In her early film roles (by which I mean the ones she played before she was 10), Dakota Fanning displayed such acute intelligence and preternatural acting instinct that it kinda freaked me out; she was, of course, "cute" in that child-star way, but also so polished and confident that there was nothing remotely cute about her. Now that Fanning's an adolescent, she's losing some of her elfin adorableness (as she should), but the actress' stunning performance gifts appear to be stronger than ever. And for The Secret Life of Bees, they need to be.

Based on Sue Monk Kidd's novel about a young South Carolinan who begins to understand life, love, and loss on a beekeeping farm circa 1964, writer/director Gina Prince-Blythewood ladles on the feel-goodery (and feel-badery) with an obviousness that borders on shamelessness; the musical score keeps doing the work the script should be doing, and Queen Latifah - fittingly cast as the farm's queen bee(keeper) - is forced to utter one awkwardly sentimental, life-is-for-the-living bromide after another. Her role would be unendurable if this endlessly enjoyable actress didn't insist on playing it with such disarming warmth and subtlety, and she's not alone among the Bees performers in her ability to redeem fraudulent conceits through wholly honest interpretations. Alicia Keys, with folded arms, is slightly bested by her petulant character, but Sophie Okonedo and Jennifer Hudson are wonderful in rather dimensionless roles, and Fanning - her guardedness giving way to a joyous directness - is a frequent thrill to watch. Its cast isn't quite able to overcome its schmaltz, but I've seen at least 50 movies this year that were much worse than The Secret Life of Bees. I've also seen at least 50 that were better, but to be fair, they didn't star Dakota Fanning and Queen Latifah.

 

Scott Patterson in Saw VSAW V

The tagline for the Saw V advertising reads, "You won't believe how it ends," and I guess that's kind of true, because the promotion led me to expect a surprise of some sort, and the movie actually ends the same way every Saw movie ends. After 80-ish minutes of torture, shrieking, and gloom - routinely interrupted by meaningless backstory and cop-drama clichés - the franchise's new offering climaxes, yet again, by replaying previous scenes so the "plot" can be "explained," followed by a "shocking" twist in which the tables are turned on the story's lone heroic figure. Am I missing something here? Maybe the ads should've stated, "You won't believe how it begins," because the first seven words heard in the film are "fuck," and the last time I recall that happening was in 1994's Four Weddings & a Funeral.

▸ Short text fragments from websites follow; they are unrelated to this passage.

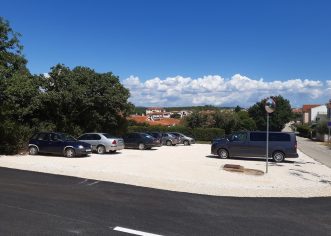 U Varvarima asfaltirana nova parking površina i ulica prema kućnom broju 122  u ulici Piantade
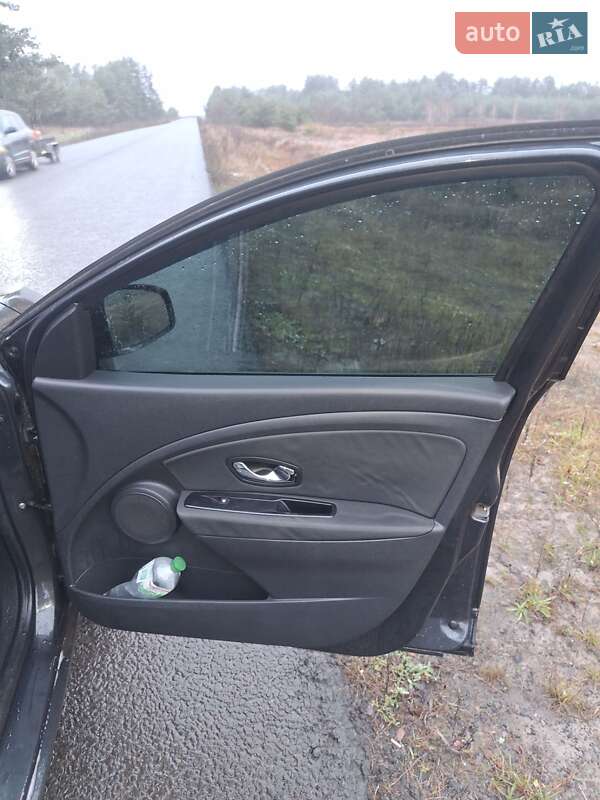 Універсал Renault Megane 2012 в Сарнах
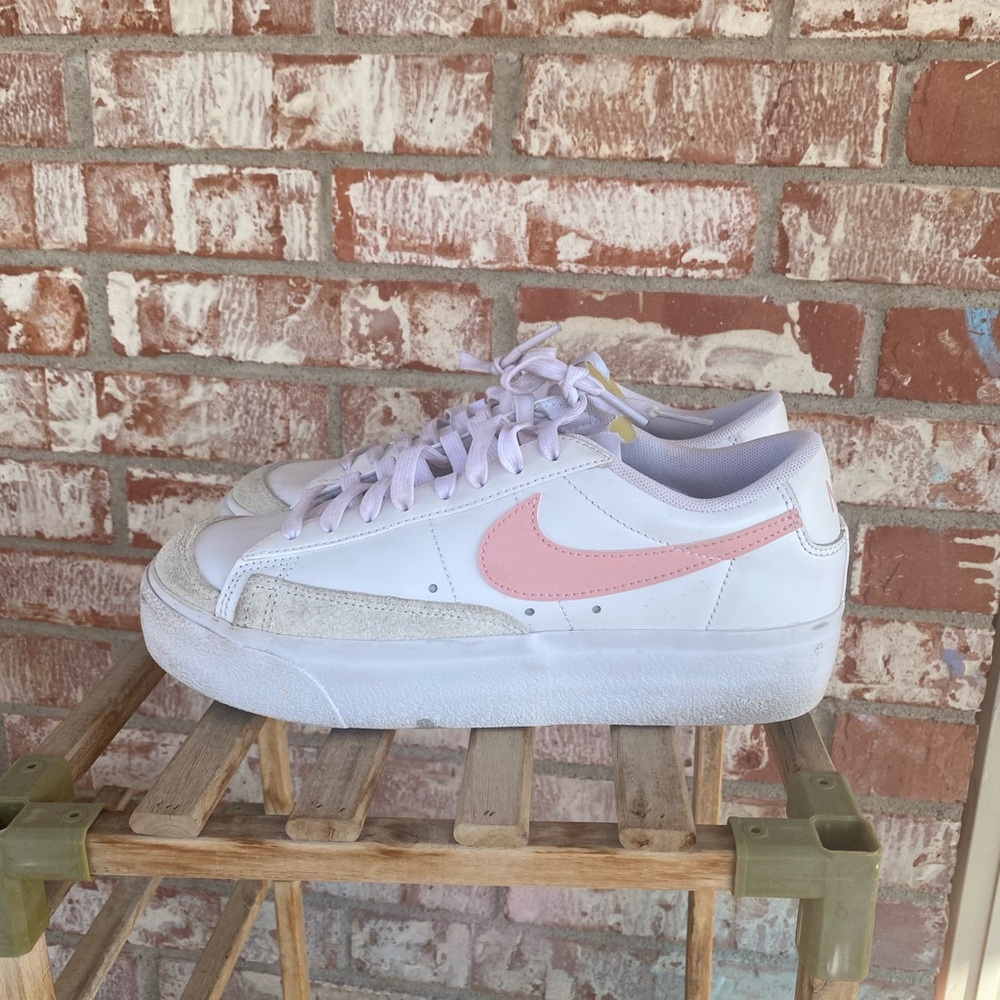 Nike Blazer Low Platform
Women's Shoes size 8 women’s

Having said that, Saw V is probably my favorite entry thus far among these annual endurance tests ... not that director David Hackl's endeavor had to work very hard to earn that title. This fourth sequel still substitutes viscera for scares and displays the frenzied editing techniques that, ironically, underscore just how little is happening, and the movie even makes a few blunders that are all its own; for some odd reason, Saw V's most obnoxious character receives perhaps the least satisfying execution in the series' history, and Tobin Bell - whose Jigsaw is seen, now and forever more, in flashback - appears too logy and disinterested to even pick up his paycheck, though I'm betting he wasn't. Yet for a Saw movie, Hack'l latest is rather ambitiously constructed, moderately clever, features a few memorable gross-outs (the prelude's torture device, involving an ax blade and a pendulum, is enjoyably disturbing), and even pulls off a really funny bit when one of the victims-to-be asks two of his fellow captives what they do for a living, and upon learning that they're a real-estate developer and a city planner, says, "So you're both boring." The Saw flicks are, too, but at least Saw V is slightly less boring than the others.